> [EXERCISE DETAILS]:
Nothing but the lines from the one holding "KEFU CN-0R8MM9 FOR" to the final line of the listing below, both included, should be repeated, and each must match exactly. Omit pictures.

> [MATERIAL TO PROCESS]:
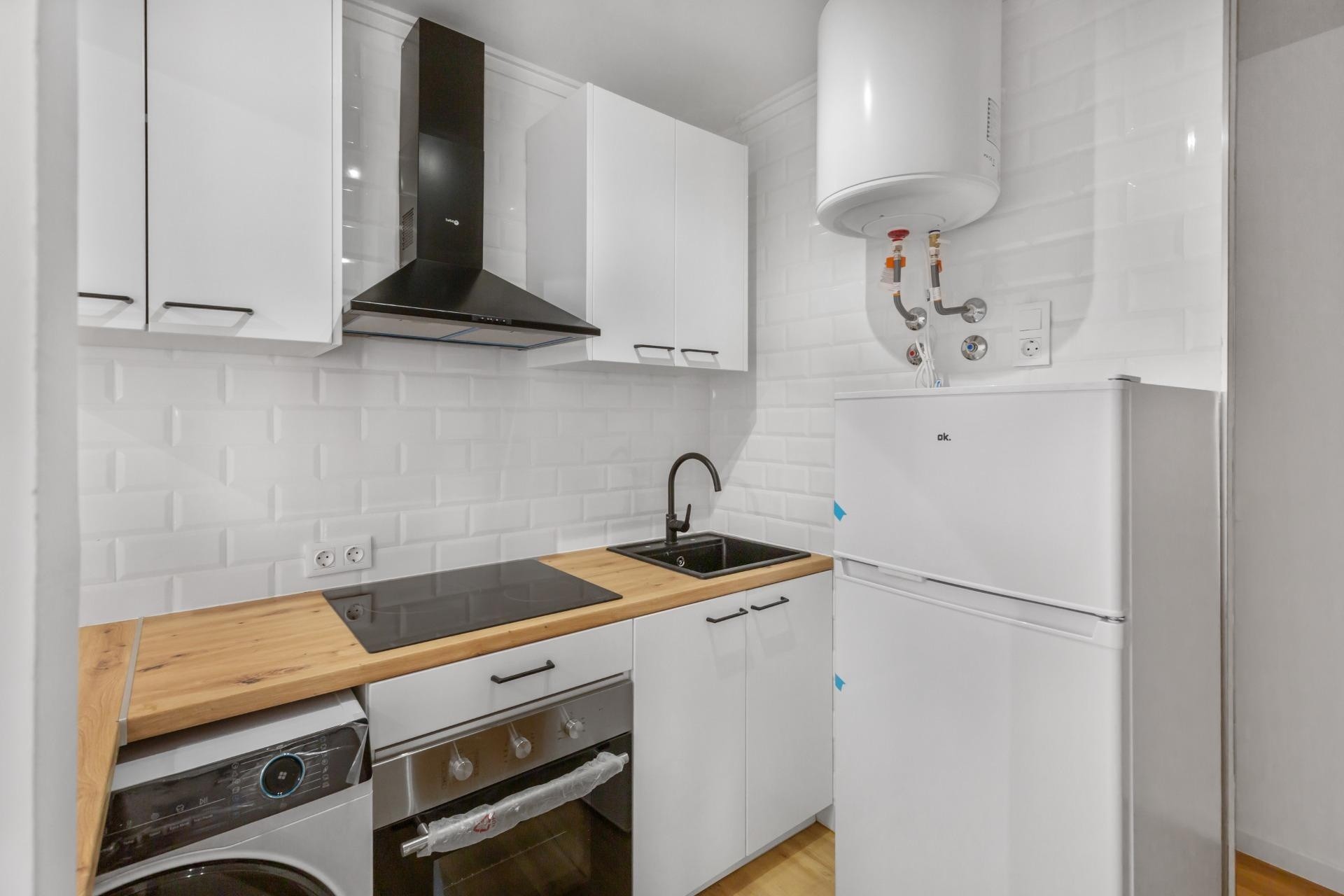 Herverkoop - Appartement / Flat -
Torrevieja - Torreblanca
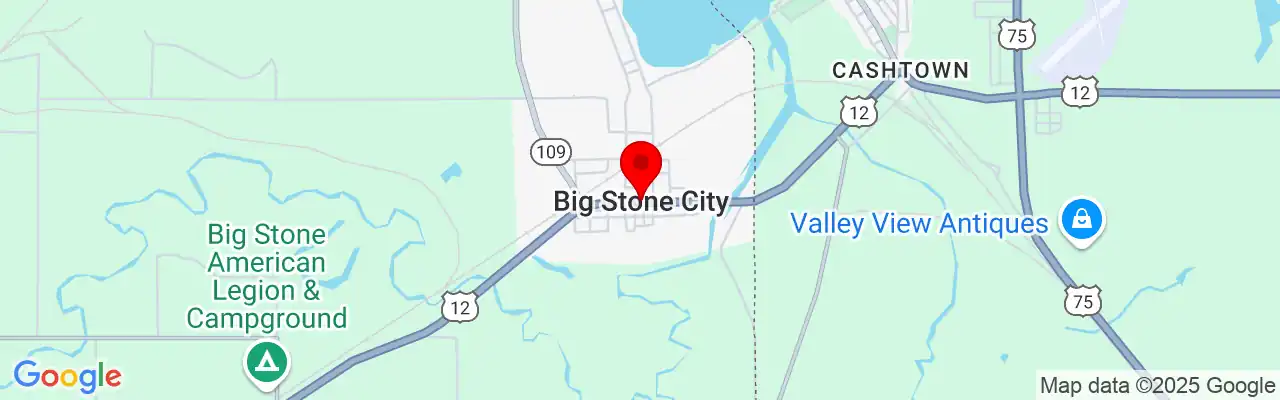 Big Stone City, SD, South Dakota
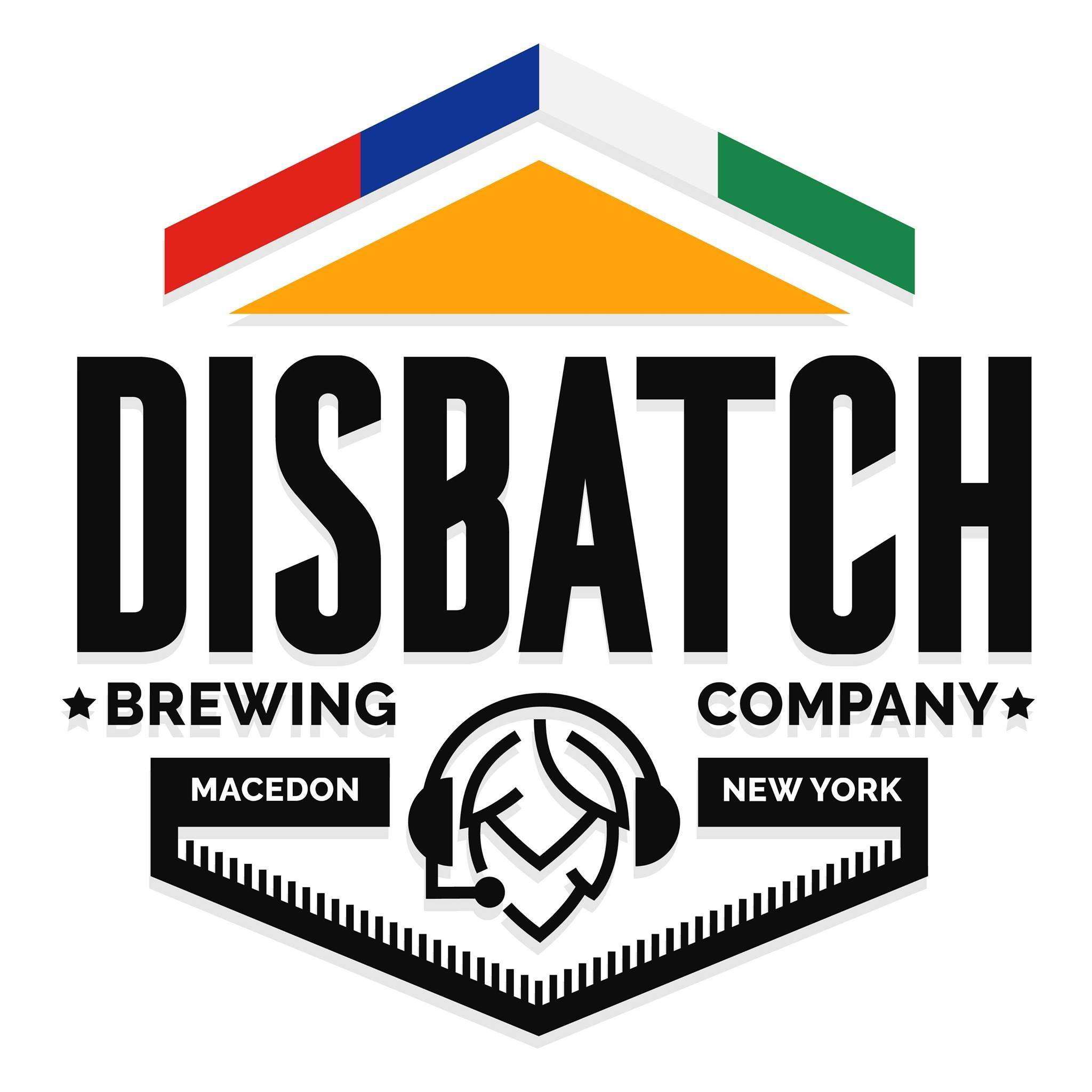 DisBatch Brewing Company logo
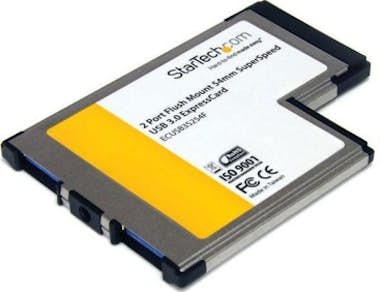 StarTech.com StarTech.com Tarjeta Adaptador ExpressCard/54 USB StarTech.com StarTech.com Tarjeta Adaptador ExpressCard/54 USB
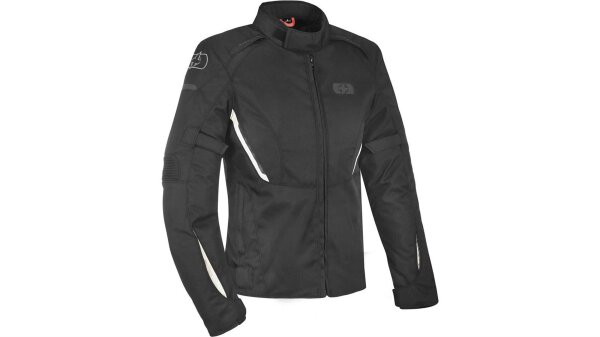 OXFORD Jacke "Iota 1.0" Damen, Material: schwarz, Gr. 36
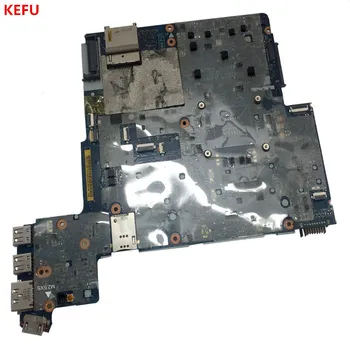 

KEFU CN-0R8MM9 FOR Dell E6420 XFR Laptop Motherboard CN-0R8MM9 100% tested well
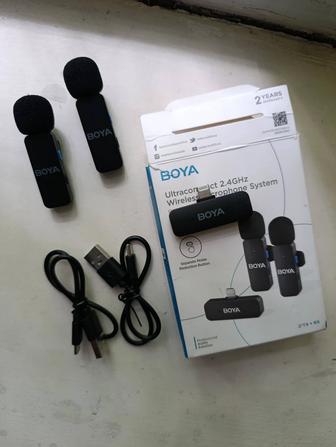 Продам петличку Boya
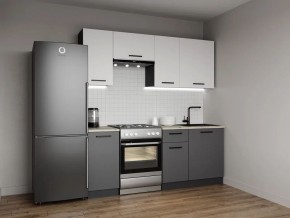 Кухонный гарнитур Меренга 2000 (Стол. 26мм) в Нягани - nyagan.ok-mebel.com | фото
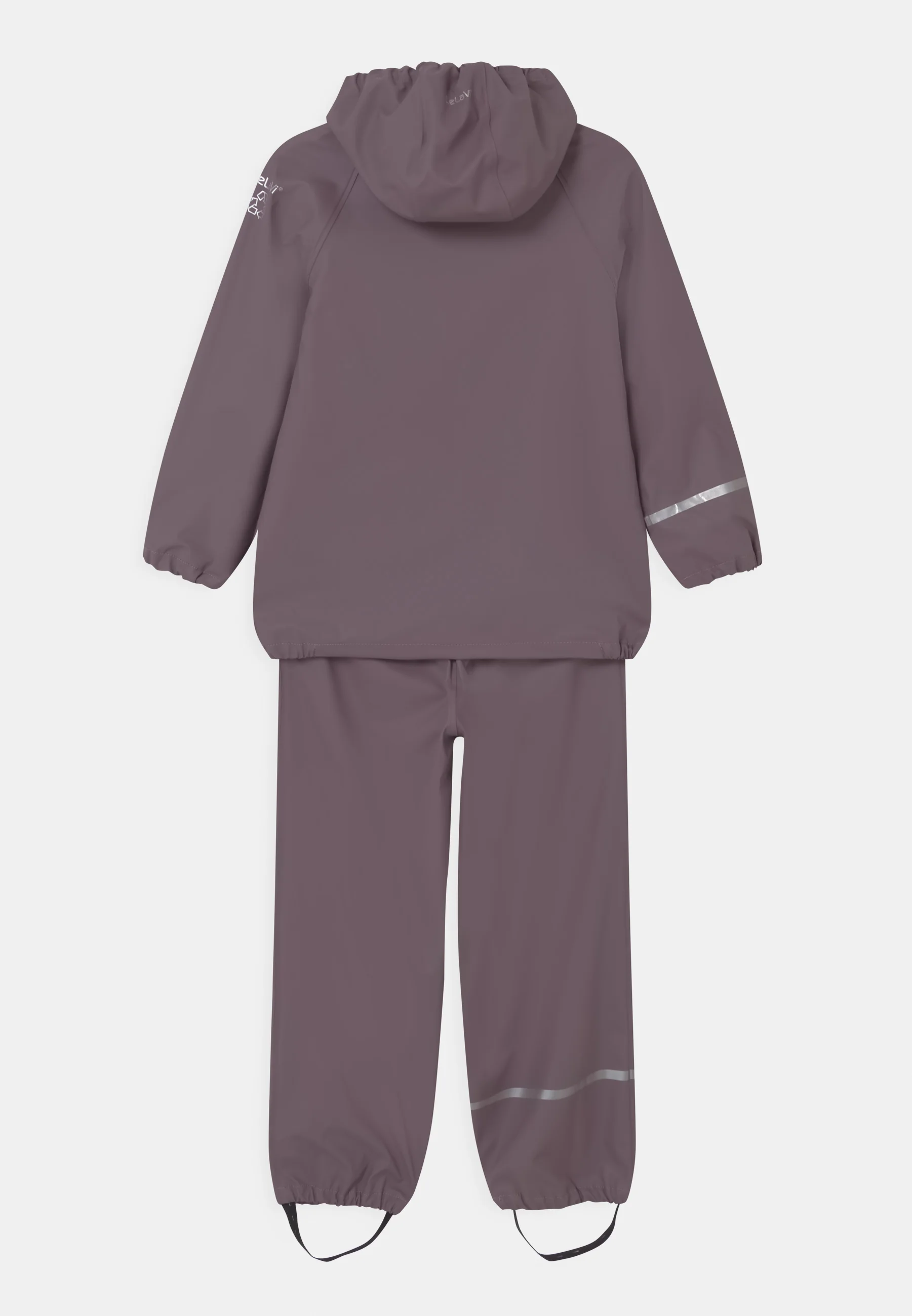 CeLaVi CONJUNTO DE ROPA DE LLUVIA RECYCLE - Impermeable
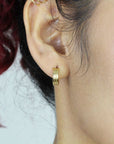 Triple Post Earrings - wearwell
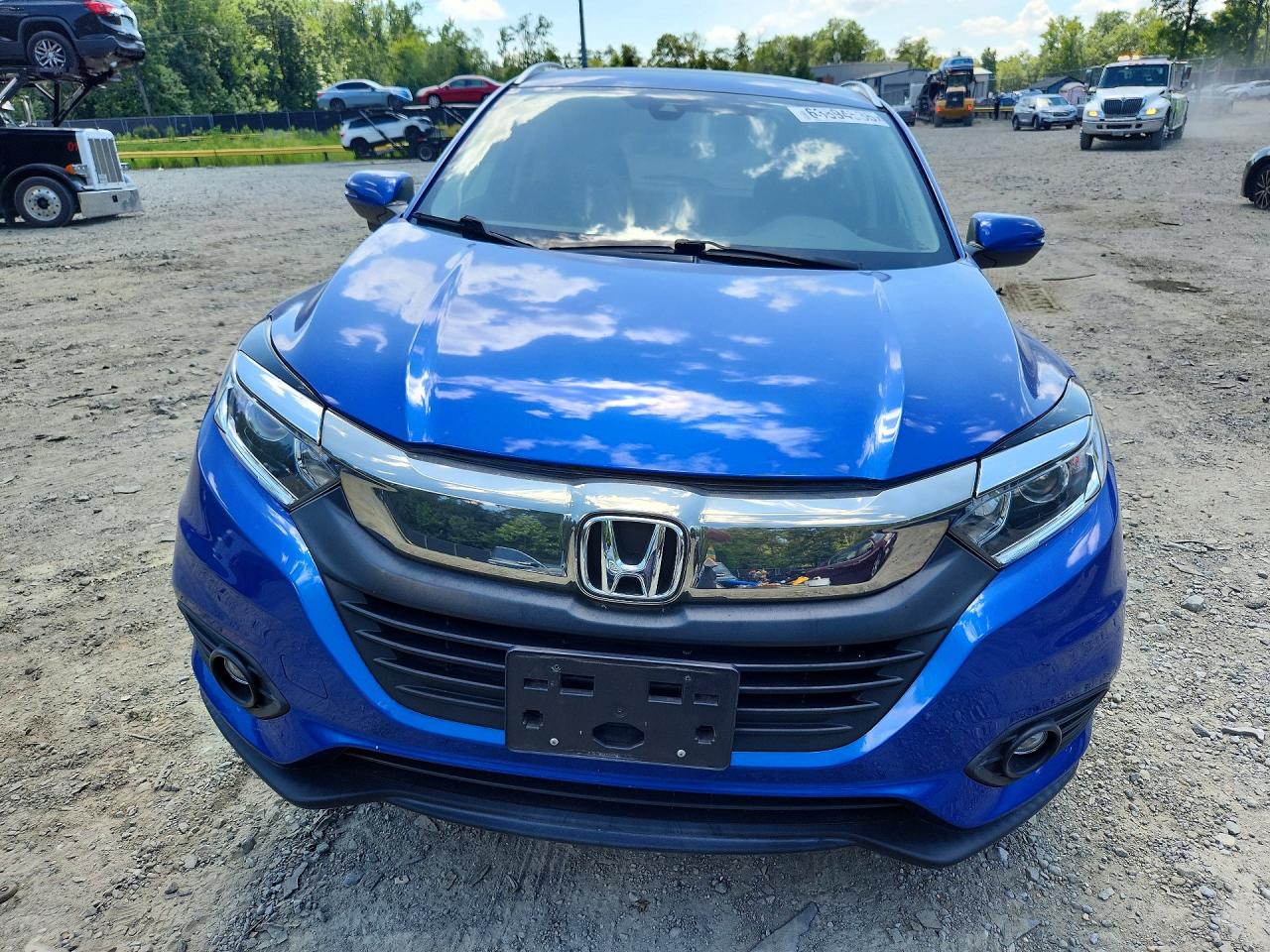2019 HONDA HR-V EX — снимка 5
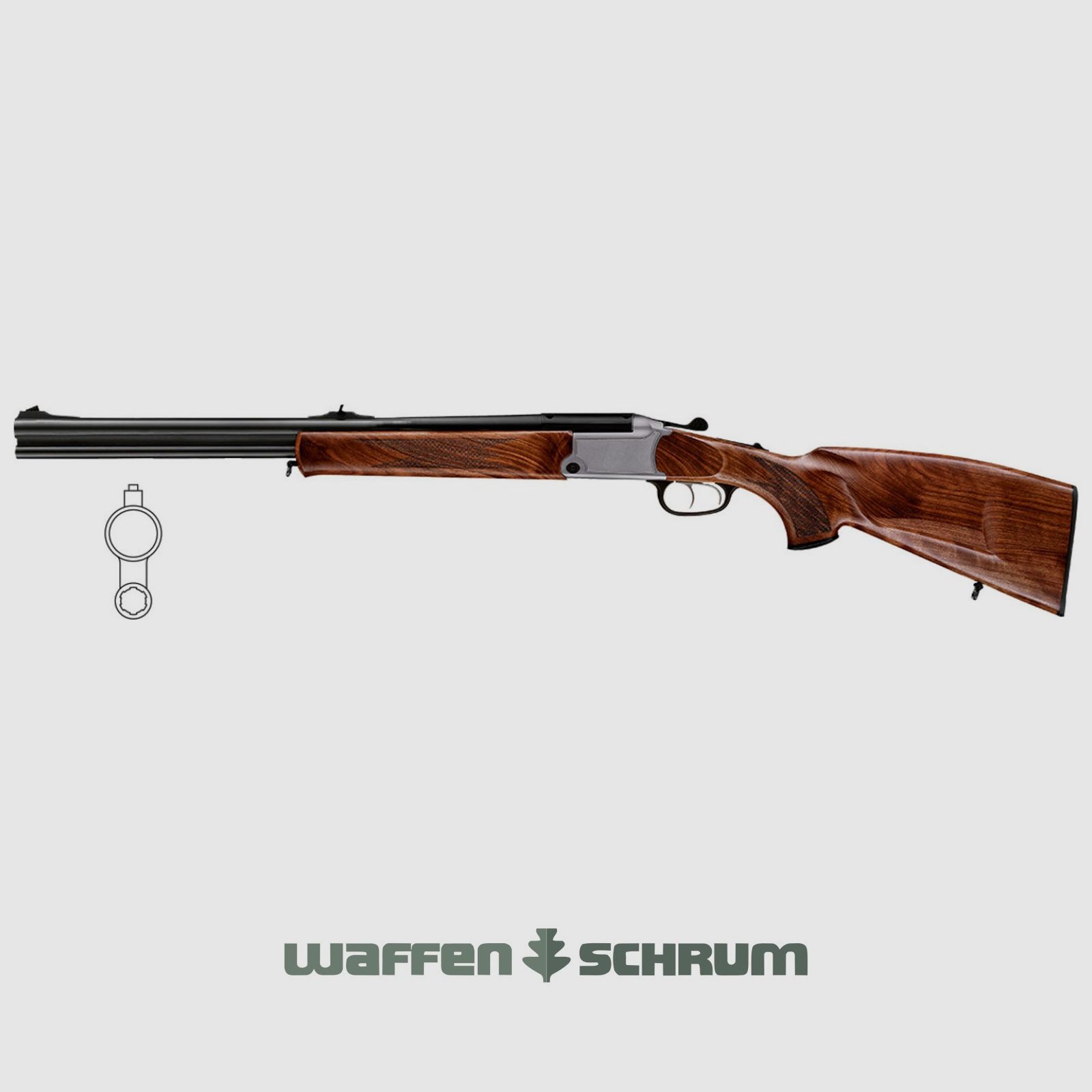 Blaser BBF97 Standard SHK:3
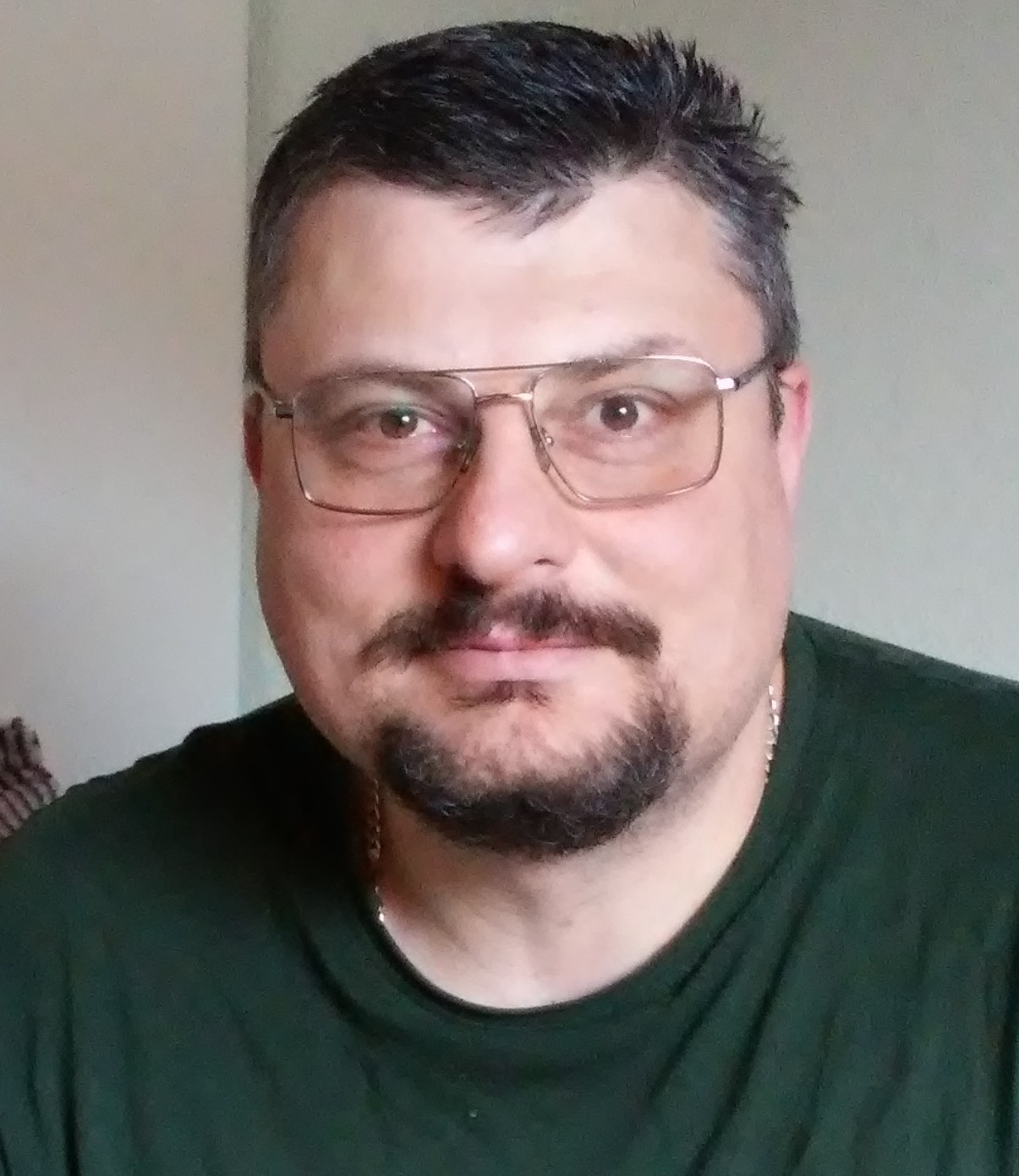 Profilbild von Mariusz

> [EXERCISE ANSWER]:
KEFU CN-0R8MM9 FOR Dell E6420 XFR Laptop Motherboard CN-0R8MM9 100% tested well
 Продам петличку Boya
 Кухонный гарнитур Меренга 2000 (Стол. 26мм) в Нягани - nyagan.ok-mebel.com | фото
 CeLaVi CONJUNTO DE ROPA DE LLUVIA RECYCLE - Impermeable
 Triple Post Earrings - wearwell
2019 HONDA HR-V EX — снимка 5
 Blaser BBF97 Standard SHK:3
 Profilbild von Mariusz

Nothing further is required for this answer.